A la fin de la projection du film de Michael Haneke, Le Ruban blanc, jeudi dernier à quatorze heures trente, dans l’Auditorium Lumière à Cannes, j’ai dit à l’oreille de Laurence, ma voisine, d’un ton assuré : ce film aura la Palme d’or. Elle ne m’a pas cru et pourtant j’ai eu raison. Question d’expérience. De flair, surtout. Le film de Haneke est splendide, profond, filmé à la bonne distance. Haneke a toujours été un bon dramaturge, mais là il se surpasse et son regard est implacable, sans pour autant se faire juge. Le Ruban blanc est à ce jour son meilleur film. Isabelle Huppert, qui a déjà tourné deux fois avec lui, a su reconnaître le talent et convaincre son jury. Je pensais aussi que cette Palme d’or arriverait au bon moment pour couronner la carrière de Michael Haneke. Déjà récompensé par des prix dans divers festivals, ayant permis à Isabelle Huppert d’obtenir son deuxième prix d’interprétation en 2001 pour son rôle dans La Pianiste, il manquait au cinéaste autrichien la consécration suprême. Celle-ci arrive au bon moment. La force de son film tient aussi à l’universalité du sujet abordé : comment le Mal s’installe et se distille à travers les mailles les plus infimes d’une communauté villageoise allemande, à l’aube de la Première Guerre mondiale. Haneke traite le sujet par le détail, en s’arrêtant sur les traits les plus infimes et les plus secrets qu’épouse le Mal, toutes classes confondues. Sans jamais trop s’appesantir. Chaque plan est d’une grande beauté plastique, dans un noir et blanc qui déploie toutes ses nuances et fait de chaque image comme une gravure ; le jeu des comédiens, celui des enfants surtout, la belle langue parlée, le principe de narration (la voix off de l’instituteur, lui-même partie prenante dans l’histoire), la maîtrise ou rigueur de la mise en scène, font du film une œuvre qui restera. C’est ce que j’ai ressenti en voyant le film.
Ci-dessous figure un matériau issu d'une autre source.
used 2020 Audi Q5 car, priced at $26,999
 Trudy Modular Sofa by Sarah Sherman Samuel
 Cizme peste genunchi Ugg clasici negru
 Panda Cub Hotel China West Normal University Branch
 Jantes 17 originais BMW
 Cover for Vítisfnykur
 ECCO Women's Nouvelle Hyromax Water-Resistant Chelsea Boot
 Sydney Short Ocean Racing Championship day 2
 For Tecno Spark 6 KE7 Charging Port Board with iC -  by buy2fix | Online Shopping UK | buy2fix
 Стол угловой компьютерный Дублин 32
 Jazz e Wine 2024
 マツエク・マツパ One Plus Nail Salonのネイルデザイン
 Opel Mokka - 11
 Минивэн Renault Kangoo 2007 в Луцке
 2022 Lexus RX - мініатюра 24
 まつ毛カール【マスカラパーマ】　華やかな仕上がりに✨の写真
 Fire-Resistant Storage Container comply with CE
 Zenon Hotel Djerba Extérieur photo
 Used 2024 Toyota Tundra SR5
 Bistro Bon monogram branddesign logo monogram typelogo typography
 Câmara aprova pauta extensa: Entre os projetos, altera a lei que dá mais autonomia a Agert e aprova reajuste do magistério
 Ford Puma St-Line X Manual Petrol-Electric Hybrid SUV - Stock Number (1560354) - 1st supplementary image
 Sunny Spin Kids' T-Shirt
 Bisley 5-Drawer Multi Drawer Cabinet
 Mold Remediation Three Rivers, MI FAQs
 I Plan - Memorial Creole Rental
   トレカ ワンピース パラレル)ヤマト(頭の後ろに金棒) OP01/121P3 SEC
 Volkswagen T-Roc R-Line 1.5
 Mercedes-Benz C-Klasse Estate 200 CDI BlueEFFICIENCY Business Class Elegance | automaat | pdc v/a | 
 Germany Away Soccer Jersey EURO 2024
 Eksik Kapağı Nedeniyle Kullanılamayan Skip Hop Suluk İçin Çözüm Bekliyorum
Vendredi dernier j’étais invité à l’émission d’Ali Baddou sur France Culture, en compagnie de Michel Ciment, pour évoquer les cinquante ans de la Nouvelle Vague. En fin d’émission, l’animateur nous demanda – nous avions été rejoints par Jean-Michel Frodon, directeur des Cahiers du cinéma, et Alain Kruger, producteur de l’émission Le Cercle – d’établir un pronostic pour la Palme d’or. Les autres citèrent plusieurs films, tous respectables au demeurant, quand je n’en citai qu’un seul, celui de Haneke. Ayant fait partie du jury à Cannes en 1992, j’ai appris (à mes dépens) qu’il ne faut jamais citer plusieurs films à la fois ou s’emballer pour plusieurs, mais plutôt tout miser sur un seul. Et s’y tenir. Pour les raisons que j’ai dites, le film de Michael Haneke me paraissait avoir toutes les qualités pour gagner. Je n’en tire évidemment aucune vanité. A Cannes tout se joue dans un mouchoir. D’autres films pouvaient prétendre à la même récompense, je pense au film de Jacques Audiard, Le Prophète, donné largement favori par la majorité des journalistes et critiques – ce qui n’est pas toujours bon signe. Entre Le Ruban blanc et Le Prophète (Grand prix du Jury), il y a me semble-t-il une nuance, infime, mais qui fait la différence : ces deux films ne touchent pas au même point de sensibilité, ni au même point d’universalité. La dimension féminine est absente du film d’Audiard. On me dira que c’est parce que le film se déroule entièrement ou presque dans une prison d’hommes. C’est vrai. Il n’empêche que cette sensibilité féminine relève aussi d’autre chose, du regard que l’on porte sur les hommes et sur leurs actes. Elle peut aussi s’inscrire de manière quasi imperceptible à travers la mise en scène. Ce n’est pas le cas du film d’Audiard. A discuter.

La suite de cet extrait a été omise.